In Williamson’s piece, headlined “Don’t let Labour take charge of our children’s schools”, he also said the government was upping school funding by £14 billion.
That figure is a cumulative total over three years. The schools budget will actually be increased by an £7.1 billion extra a year – but not until 2022.
The Department for Education has been warned that use of the £14 billion “could mislead” without additional context.
The UKSA has rapped the department five times in the past two years. In 2018-19 the watchdog dealt with 14 cases relating to the DfE, more than any other department.
Mike Jones, the department’s head of data insight and statistics, told a statistics conference on Wednesday: “We have said some things that we shouldn’t.”
Norgrove told the political parties: “Statistical sources should be clear and accessible to all; any caveats or limitations in the statistics should be respected; and campaigns should not pick out single numbers that differ from the picture painted by the statistics as a whole.”
It is not just the government that has fallen foul on statistics (see our six dodgy claims to look out for, right).
They include a claim by Labour that more than 100 free schools have closed. Schools Week’s analysis puts the figure at 55 (Labour’s 100 includes proposed free school projects that never opened).

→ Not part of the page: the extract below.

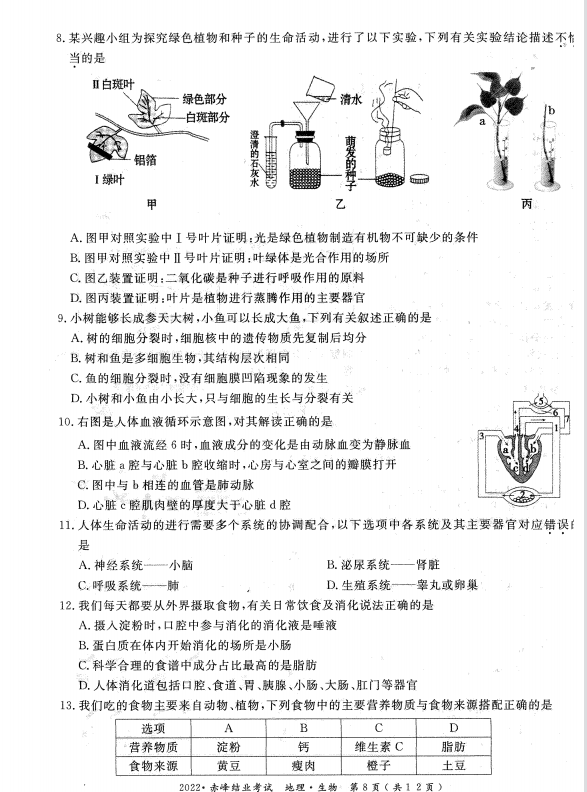 2023年赤峰市中考生物試卷真題及答案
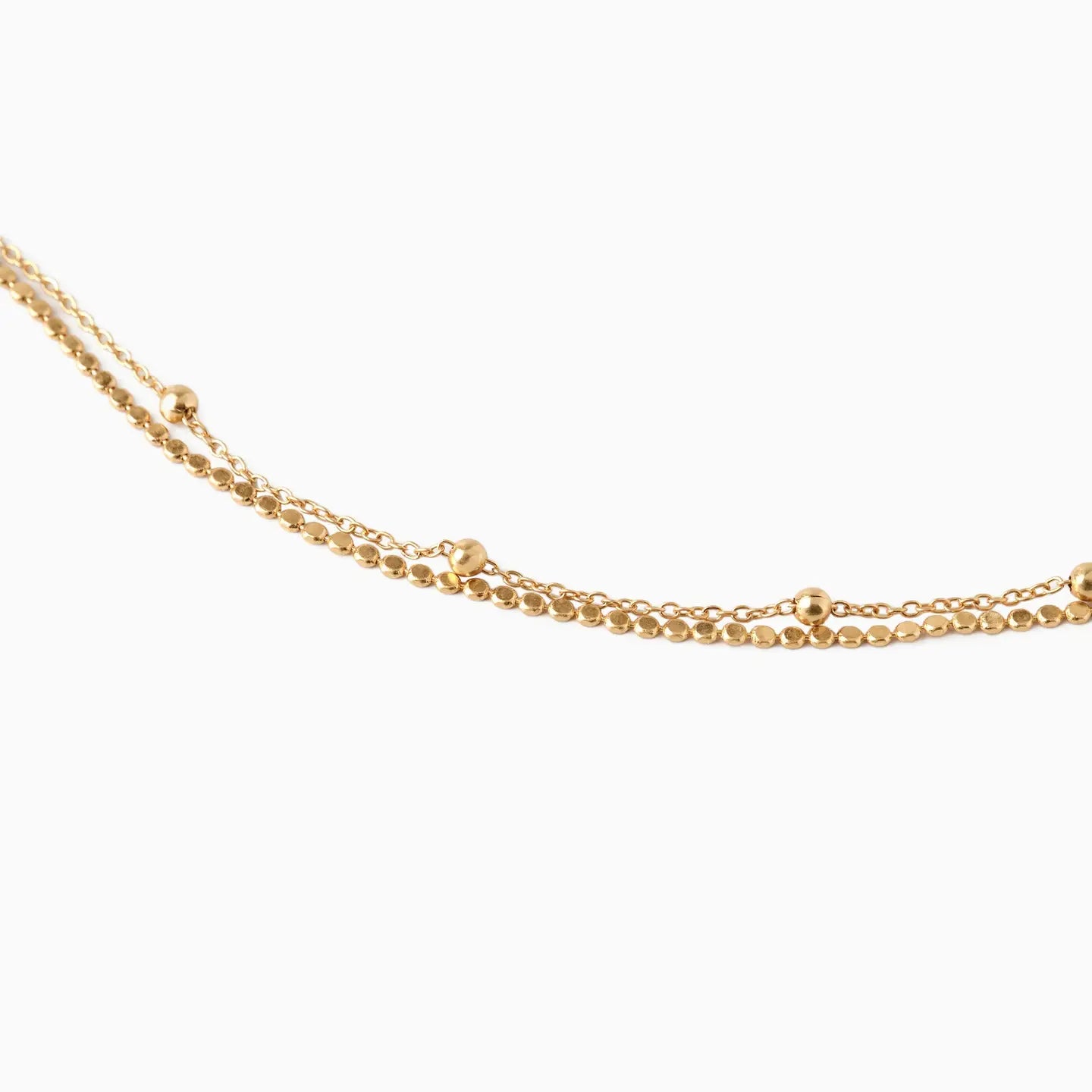 18K Contrasting Ball Style Double Layered Bracelet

Education unions have also been in hot water. The National Education Union was rapped for incorrectly claiming on its website that “many schools will receive less” than the promised minimum £5,000 funding level for each secondary pupil. The claim has since been deleted.
The School Cuts website, run by a coalition of unions, was rebuked for claiming that 91 per cent of schools faced funding cuts. This gave a “misleading impression” as some of the cuts had already been made.
Surely some mistake?
Gavin Williamson wrongly claimed in his piece for The Times that he was the first education secretary to have attended an FE college.
He used this to explain why he has a “real drive to transform vocational and technical education for 16 to 19-year-olds”.
However David Blunkett, the education secretary from 1997 to 2001, studied for his O-levels at evening classes at Shrewsbury Technical College and Sheffield Richmond College of Further Education.
Furthermore, Williamson actually went to a sixth-form college (Scarborough Sixth Form College).
In 2016, Justine Greening became the first education secretary to have attended a sixth-form college (Thomas Rotherham College).